Periodically, my mother would pack me onto a plane bound for Orlando. My grandmother would meet me at the airport, always with a cardigan on the front seat of her station wagon in case I was cold from the plane ride. It was Florida, and I was coming from DC, so I never was, but without fail I faked a shiver just to get that cardigan wrapped around me. Then we'd drive to her home in Ocala, where I'd stay in the pale rose room in which my mother grew up, sit at my mother's small, cream vanity, climb up onto my mother's high bed with the dusty pink bedspread that crackled when moved.
In the mornings, my grandmother would wake me with a cry of "Go pick your breakfast!" I'd run out the patio door and into the orchard. Sometimes I'd sit on the tire swing while I decided. Eventually I'd choose, usually the pink grapefruit I thought so pretty inside and which is still my favorite to this day. I'd pick one from a low hanging branch and carry it inside to the kitchen.

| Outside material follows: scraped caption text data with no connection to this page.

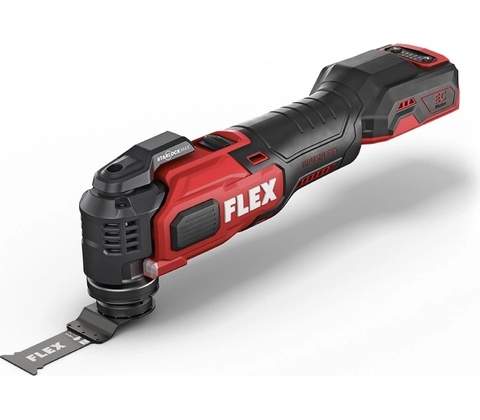 Flex MT 18.0-EC C
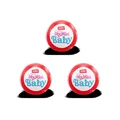 Random 3pcs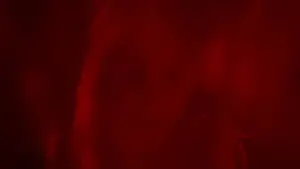 Задник до фильму"" #711134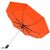 Windbeständiger Regenschirm 21” GENTLEMEN (Bild 3)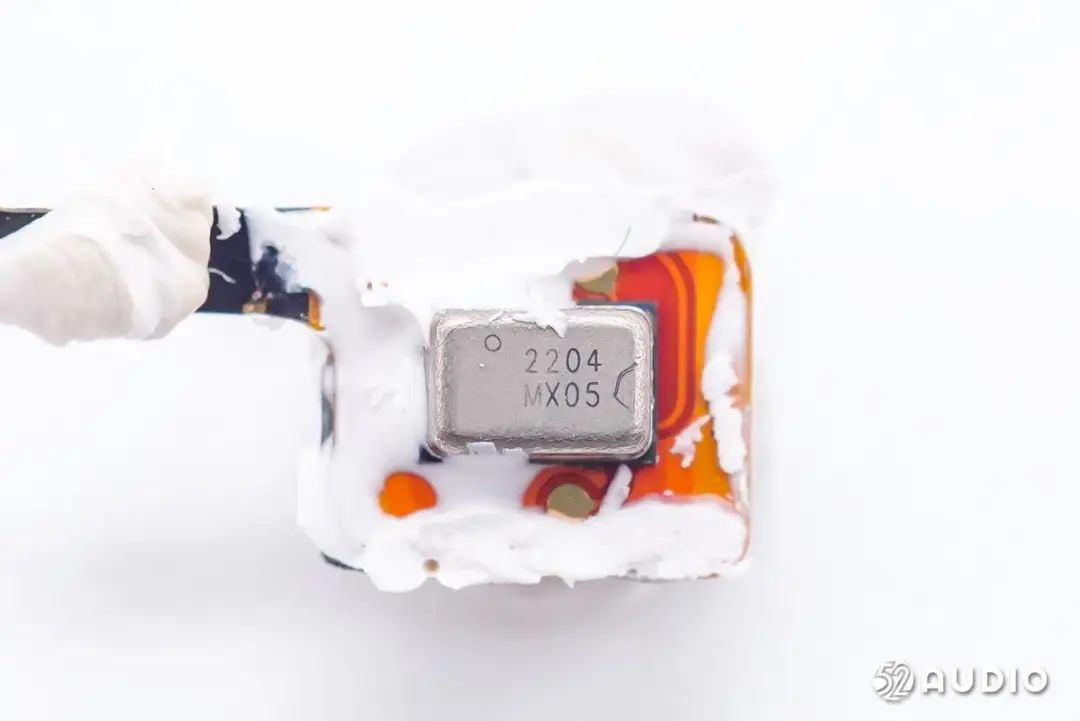 AG8�콢����(�й�)������ҳ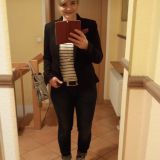 Profilfoto von Bianca Müller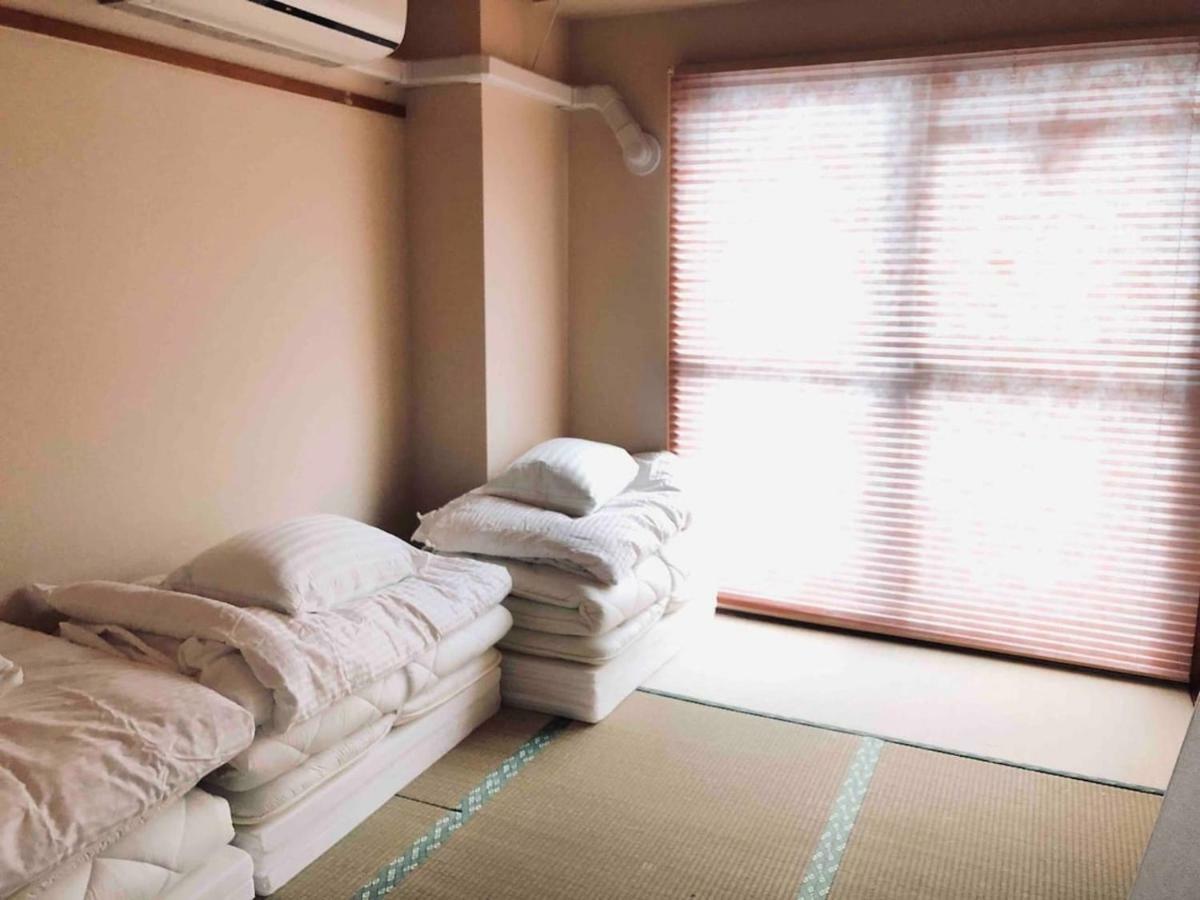 Nid Daikoku Casa Ami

There my grandmother would smell the stem end, then say, "You picked this from the tree, right? You didn't pick it up off the ground, did you?" I'd nod and dance from side to side while she cut my grapefruit carefully. Then I'd carry it slowly outside and plomp down happily beside the pool, where I'd linger eating the fragrant grapefruit and trying to stay sort of still in hopes one of the little garden lizards might come out and join me.